Artist to Watch: Hard-Nosed Country Standout Ashton Shepherd
Click here to listen to Ashton Shepherd’s “Where Country Grows”
Who: Thick-drawlin’ 24-year-old singer-songwriter from Alabama with a precocious command of pop hooks and trad-country songforms – and one of the biggest, brassiest singing voices on either side of the Mason-Dixon. Her 2009 debut was called Sounds So Good, and it did. Her new album, Where Country Grows (out July 12th on MCA Nashville), is better still: 10 smart, soulful songs about small towns, big heartaches, and guzzling beer on power boats. It’s a record that invites comparisons to legends like Tammy Wynette and Loretta Lynn, yet sounds right at home on modern country radio.
Sweet Home: Shepherd grew up in tiny Coffeeville, Alabama (population: 340), not far from the southern border of that most Deep South of states, which has bred country greats from Hank Williams to Jamey Johnson. You can hear Shepherd’s ‘Bama roots in her hard-bitten lyrics and her molasses-thick drawl. (And you get a pretty clear picture of Coffeeville on Where Country Grows, in songs like “More Cows Than People.”) “Alabama definitely has its own sound, its own feel,” she says. “It’s a little more prideful, I guess. You definitely know it when you hear it.”
Highest Form of Flattery: She’s been singing as long as she’s been walking. “My parents noticed there was something there,” she says. “When I was four, five years old, they’d have me sing for people. ‘Let’s hear a song, Ashton. Sing ‘Amazing Grace’ for ’em.'” But it was the radio that made her want to be musician. “Growing up in the Nineties, Alan Jackson was super-present on the radio. To me, more real country music was present at that time. Patti Loveless was still on the radio. And Reba. Just these great voices. I can remember learning their songs and singing them with karaoke music. Even when Shania came out, I would try to sound like Shania. I think that’s what made my voice: imitation!”
Write What You Know: Where Country Grows crams a bit of everything into its 32 minutes: backwoods anthems (“Where Country Grows”), sassy put-downs (“Look It Up”), lost love ballads (“I’m Good”). Shepherd gets a writing credit on nine of the 10 songs, but she’s especially fond of the two she wrote by herself. “I’m Just A Woman” is a big, pedal-steel swathed weeper that nods to the mother of all country gender-relations treatises, “Stand By Your Man.” “When I was trying to figure out how to tie the hook-line back around in the chorus, I got really excited when I wrote, ‘And I know that after all you’re just a man’ – that line from ‘Stand By Your Man,'” she says. “I thought ‘I’ve got to get that in there!'” Then there’s “Rory’s Radio,” a nostalgic ballad about teenage hijinks: night-fishing, drag racing, and listening to Hank Williams Jr. on a pickup truck radio.

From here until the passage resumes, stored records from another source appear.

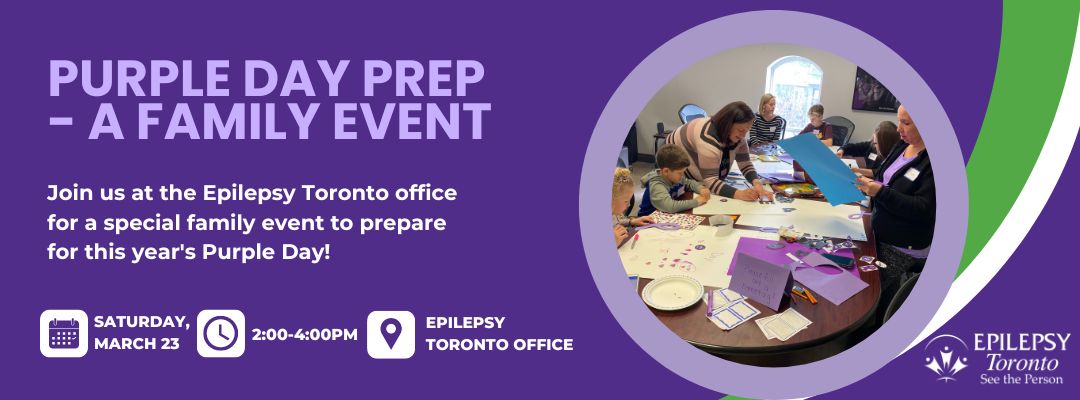 Image of families around a large table creating posters for Purple Day.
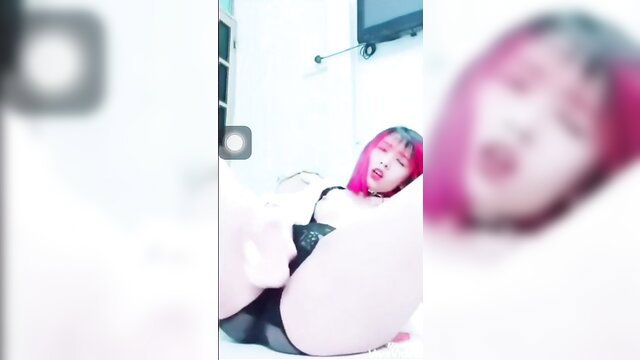 Pink-haired Asian babe in lingerie moans with sex toy, JAV style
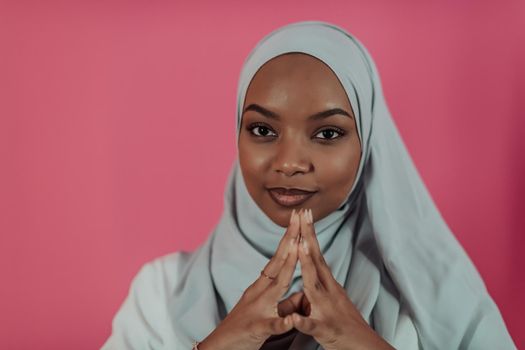 Portrait of young modern muslim afro beauty wearing traditional islamic clothes on plastic pink background. Selective focus. High quality photo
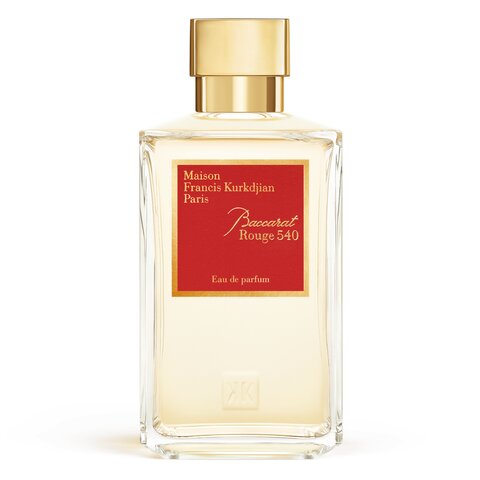 Baccarat Rouge 540 Eau de Parfum bottle — faceted clear glass with a red and gold label and gold cap
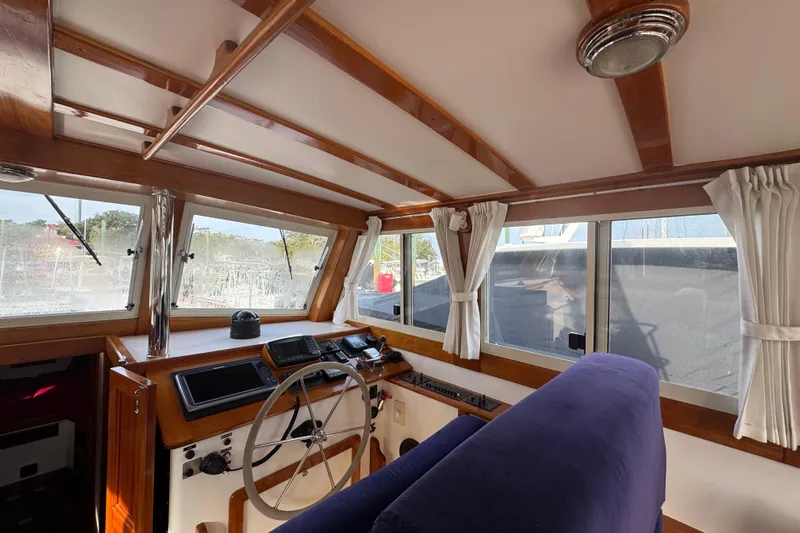 Gullywhumper Yacht Photos Pics Interior of 2001 Ellis 36 Flybridge boat with wooden helm and navigation equipment.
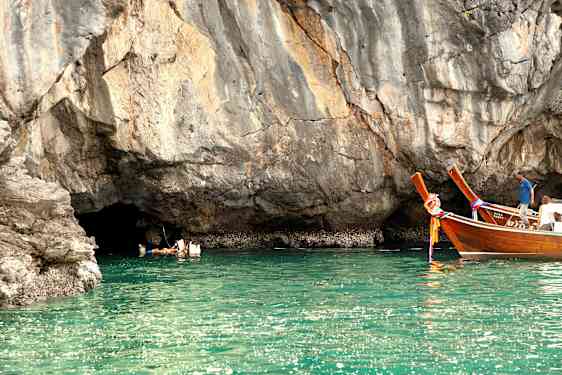 Personer simmar i vattnet vid en klippa, och två träfartyg flyter nära. (AI-genererad text)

The song was inspired by Shepherd’s older brother Jeff, who was killed in a car accident 11 years ago at age 23. “He lived a big life, and he made an impact on my life,” says Shepherd. “It was a way of keeping him alive, of bringing him into a song, without writing a typical losing-someone-song. The song just takes me back there.”

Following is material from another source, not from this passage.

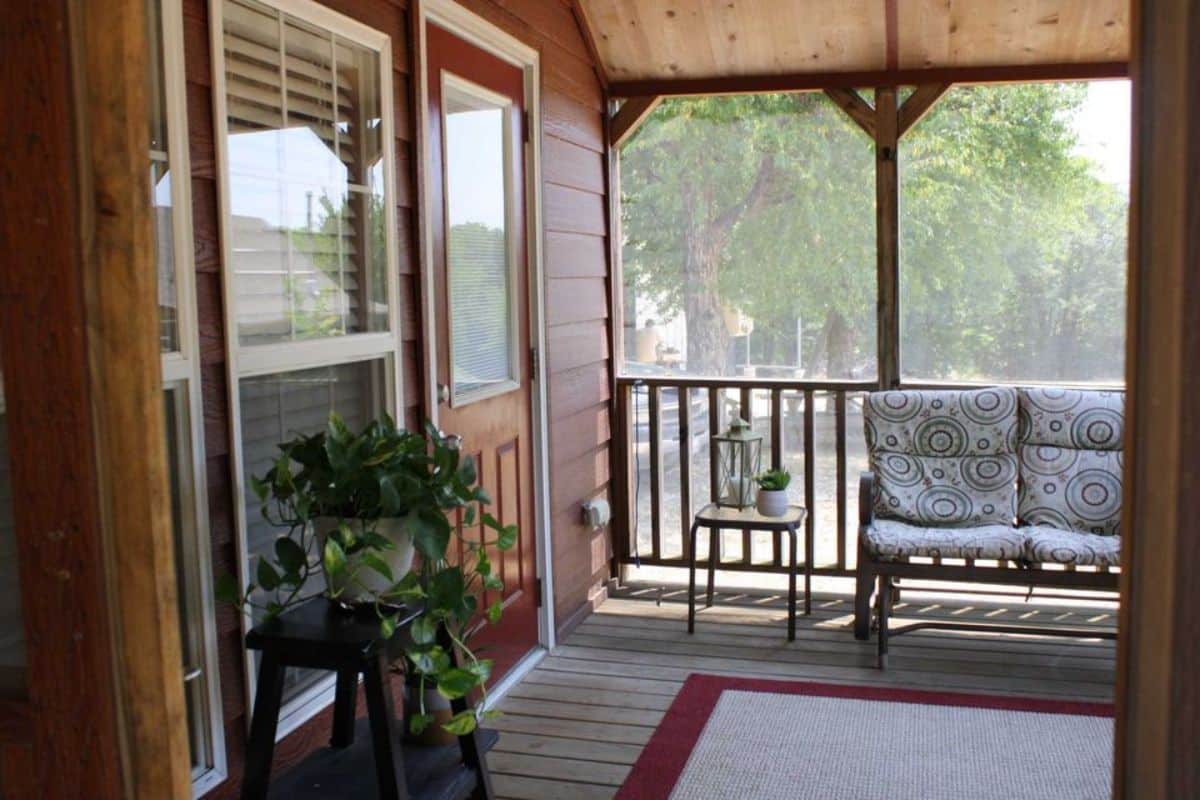 Small porch outside the main entrance has side table and sitting area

Family Values: Shepherd played some shows recently as the warm-up act for another hard-nosed country gal, Miranda Lambert. But she’s unlikely to get out on the road again soon: she’s expecting her second child in September. The pleasures and hardships of family life are a big theme of Shepherd’s songs. “When you’re a mama and a wife/ There ain’t many things you ain’t,” she sings in “I’m Just A Woman.” She plans to hunker down with her new child for a while but then – hopefully – reemerge in time for country’s biggest awards show. “At least I want to be walking the red carpet,” she says. “That’ll be after baby comes, which will be kinda neat: everybody will see me try to get back in shape!”